### Exercise requirements:
From the line with "K478KT-250626-227 FILA フィラ" through the line with "Blue and Grey", repeat the entries verbatim, both end lines included, and add nothing.

Scraped caption text data:

[Start of section]

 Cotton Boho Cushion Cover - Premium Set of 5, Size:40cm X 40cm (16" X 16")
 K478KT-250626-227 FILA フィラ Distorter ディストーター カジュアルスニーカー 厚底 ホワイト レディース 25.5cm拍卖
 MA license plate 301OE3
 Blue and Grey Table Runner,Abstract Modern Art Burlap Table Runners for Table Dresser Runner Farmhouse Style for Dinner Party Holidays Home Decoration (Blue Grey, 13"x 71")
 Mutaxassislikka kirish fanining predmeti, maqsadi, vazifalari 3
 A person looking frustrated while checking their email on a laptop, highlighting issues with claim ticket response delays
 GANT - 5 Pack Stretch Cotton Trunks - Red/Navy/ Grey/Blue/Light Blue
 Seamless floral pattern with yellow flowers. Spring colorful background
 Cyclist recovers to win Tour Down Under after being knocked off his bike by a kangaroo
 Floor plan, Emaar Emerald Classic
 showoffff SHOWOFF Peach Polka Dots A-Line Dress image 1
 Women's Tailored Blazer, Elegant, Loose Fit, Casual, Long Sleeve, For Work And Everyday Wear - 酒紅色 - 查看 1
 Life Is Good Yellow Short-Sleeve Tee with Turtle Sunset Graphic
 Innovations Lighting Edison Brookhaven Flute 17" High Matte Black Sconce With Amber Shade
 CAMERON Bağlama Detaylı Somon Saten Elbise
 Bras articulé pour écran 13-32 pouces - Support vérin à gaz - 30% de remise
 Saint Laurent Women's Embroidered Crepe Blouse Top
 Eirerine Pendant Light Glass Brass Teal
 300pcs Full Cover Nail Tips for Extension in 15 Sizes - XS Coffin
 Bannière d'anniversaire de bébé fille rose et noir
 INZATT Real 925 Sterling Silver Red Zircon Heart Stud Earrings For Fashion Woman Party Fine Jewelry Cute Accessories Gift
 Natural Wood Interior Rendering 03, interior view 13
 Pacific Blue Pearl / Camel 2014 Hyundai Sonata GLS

[End of section]

### The answer:
 K478KT-250626-227 FILA フィラ Distorter ディストーター カジュアルスニーカー 厚底 ホワイト レディース 25.5cm拍卖
 MA license plate 301OE3
 Blue and Grey Table Runner,Abstract Modern Art Burlap Table Runners for Table Dresser Runner Farmhouse Style for Dinner Party Holidays Home Decoration (Blue Grey, 13"x 71")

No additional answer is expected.